» ASSIGNMENT:
Return the complete listing exactly as it reads, with each picture removed.

» DATA EXTRACT:
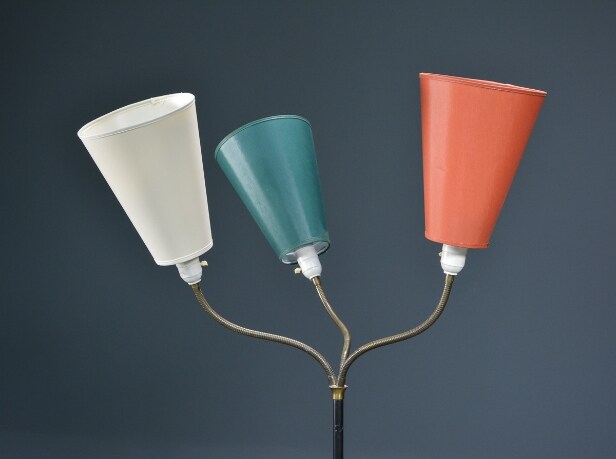 Retro standerlampe / 'Tivoli' lampe, tre-armet, 1950'erne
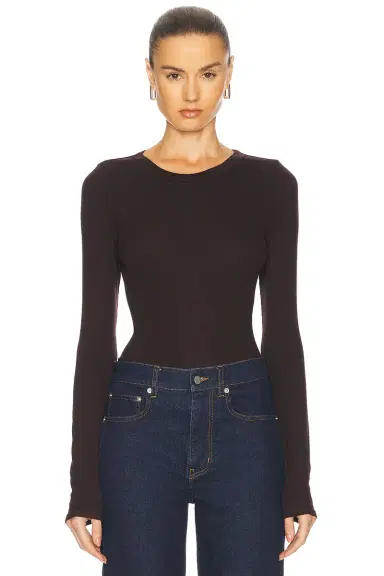 Enza Costa Silk Knit Long Sleeve Crewneck Top | Thumbnail 1 Enza Costa Silk Knit Long Sleeve Crewneck Top | Thumbnail 1
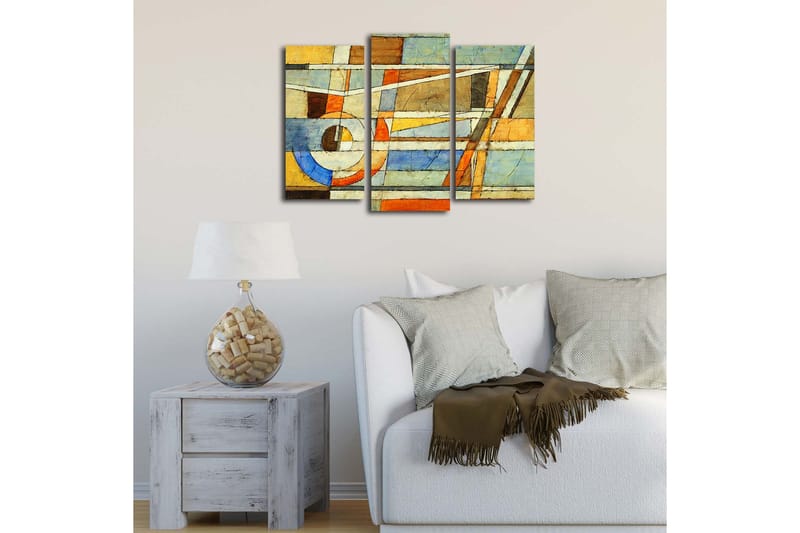 Canvasbilde Dekorativ 3 Deler - Flerfarget - Interiør - Maleri & posters - Lerretsbilder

» REPLY TO THE TASK:
 Retro standerlampe / 'Tivoli' lampe, tre-armet, 1950'erne
 Enza Costa Silk Knit Long Sleeve Crewneck Top | Thumbnail 1 Enza Costa Silk Knit Long Sleeve Crewneck Top | Thumbnail 1
 Canvasbilde Dekorativ 3 Deler - Flerfarget - Interiør - Maleri & posters - Lerretsbilder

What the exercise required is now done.